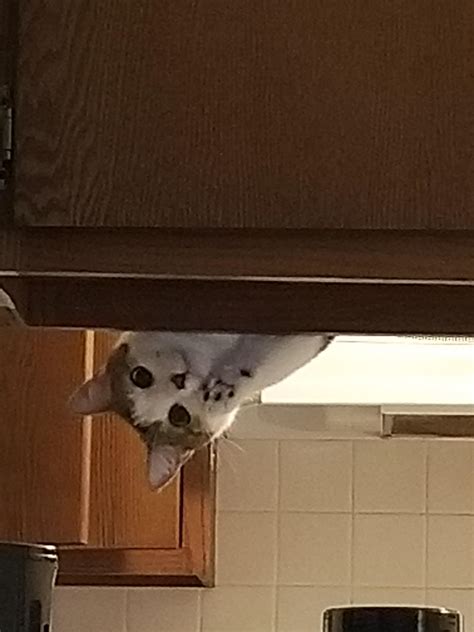 My Cat Hanging Upside Down In A Shelf Raww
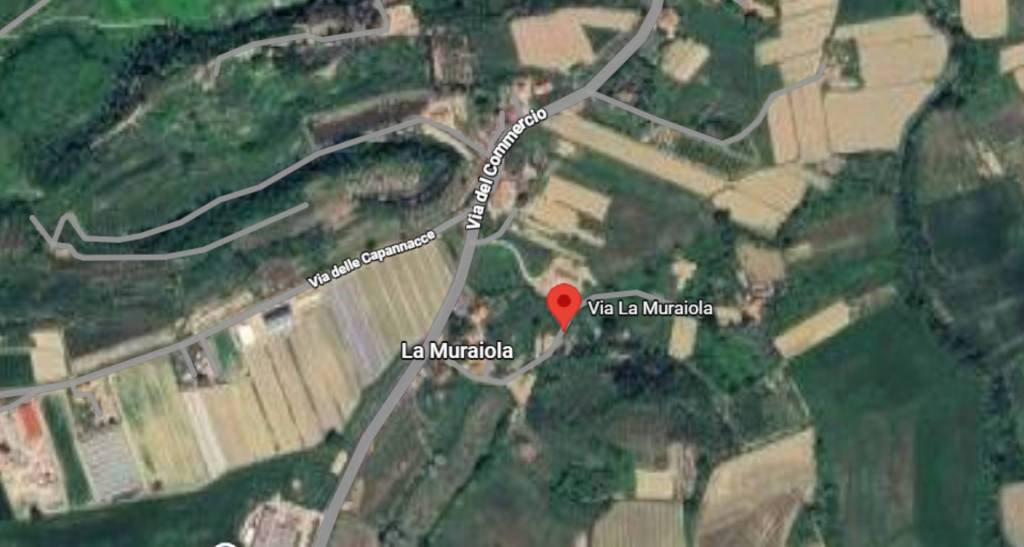 immagine annuncio 9 di 11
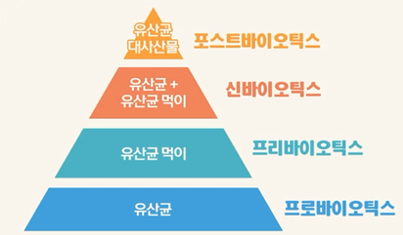 포스트바이오틱스 vs 프로바이오틱스 장 건강 면역 강화 핵심 차이점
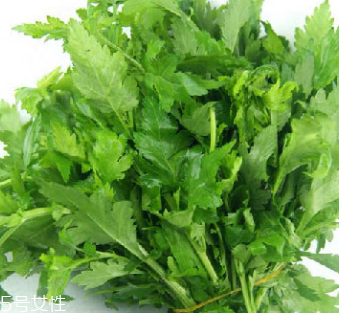 菊花腦是苦的嗎？菊花腦苦不苦？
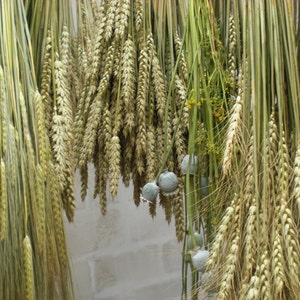 wheat bouquet rustic farm barn wedding bride bridesmaids maid of honor bouquet home decor dried ears of wheat grain ear natural decor eco image 5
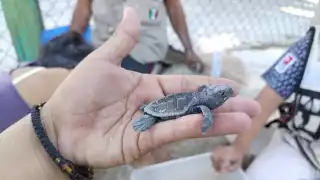 Más de 500 crías de especie Carey han eclosionado y liberado en Punta Xén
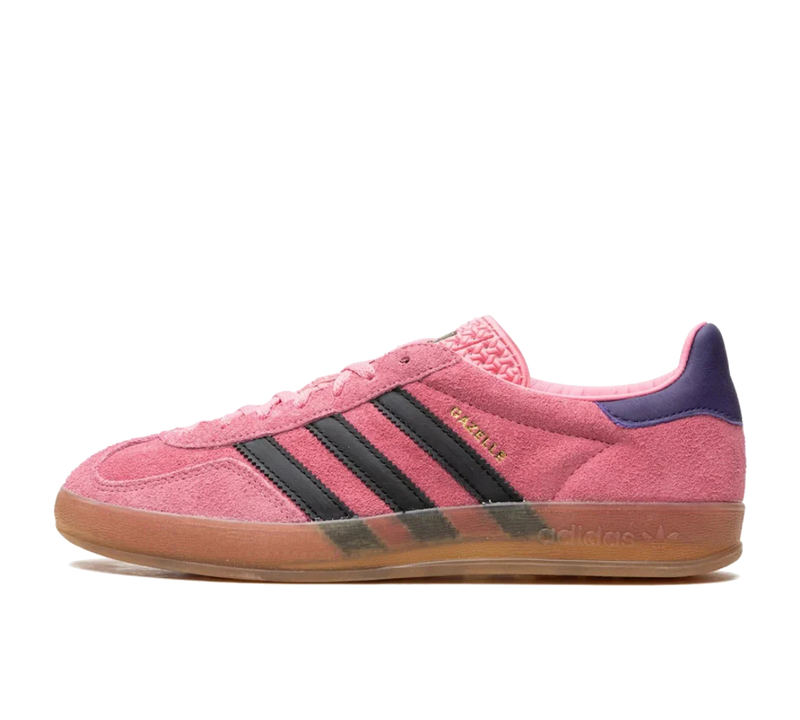 Gazelle Indoor 'Bliss Pink Purple' Rosa - Encomenda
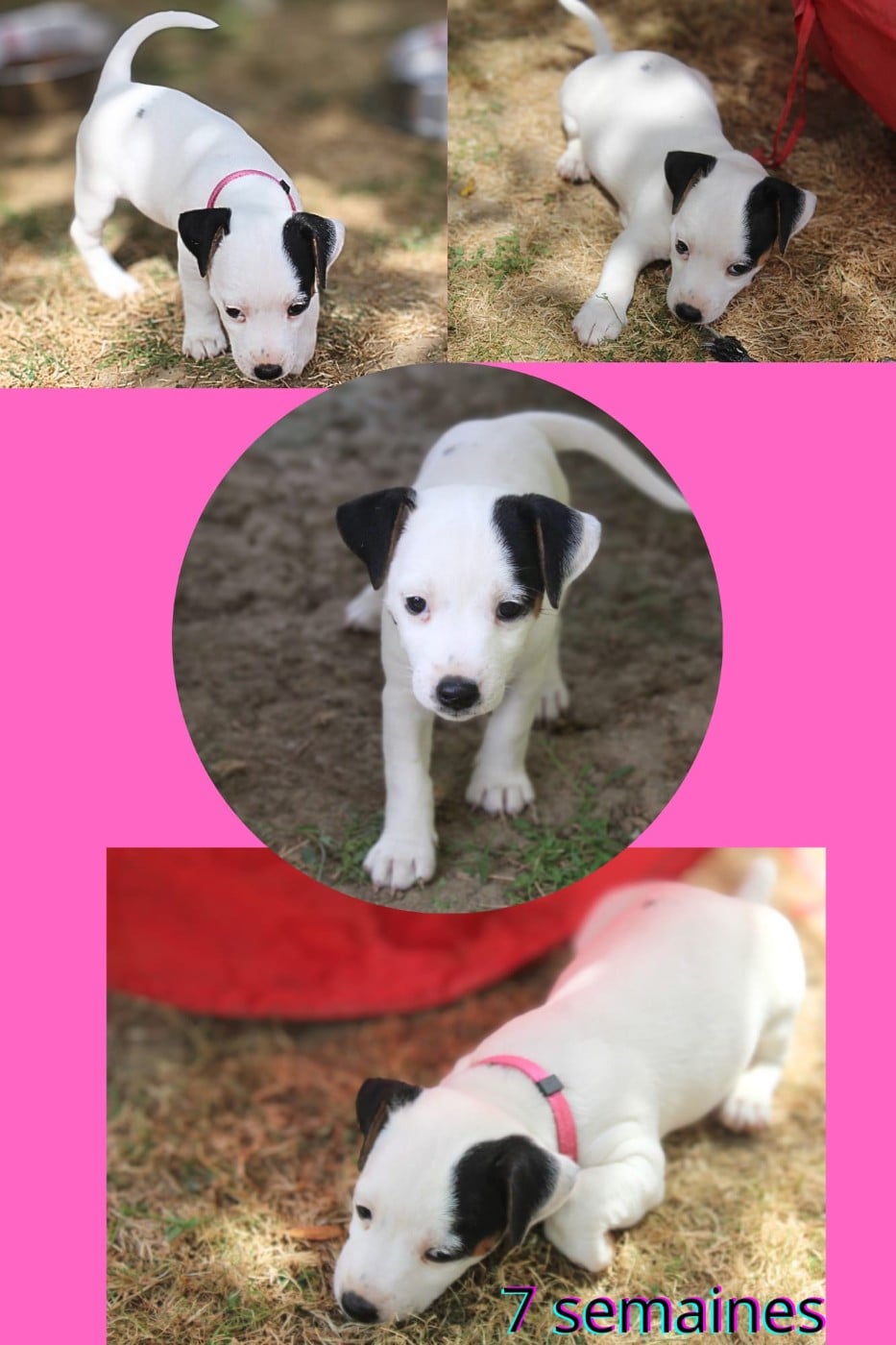 Bianca - Parson Russell Terrier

* [Work task]:
Once the images are removed, print the remaining data exactly as it appears above.

* [Expected answer]:
 My Cat Hanging Upside Down In A Shelf Raww
 immagine annuncio 9 di 11
 포스트바이오틱스 vs 프로바이오틱스 장 건강 면역 강화 핵심 차이점
 菊花腦是苦的嗎？菊花腦苦不苦？
 wheat bouquet rustic farm barn wedding bride bridesmaids maid of honor bouquet home decor dried ears of wheat grain ear natural decor eco image 5
 Más de 500 crías de especie Carey han eclosionado y liberado en Punta Xén
 Gazelle Indoor 'Bliss Pink Purple' Rosa - Encomenda
 Bianca - Parson Russell Terrier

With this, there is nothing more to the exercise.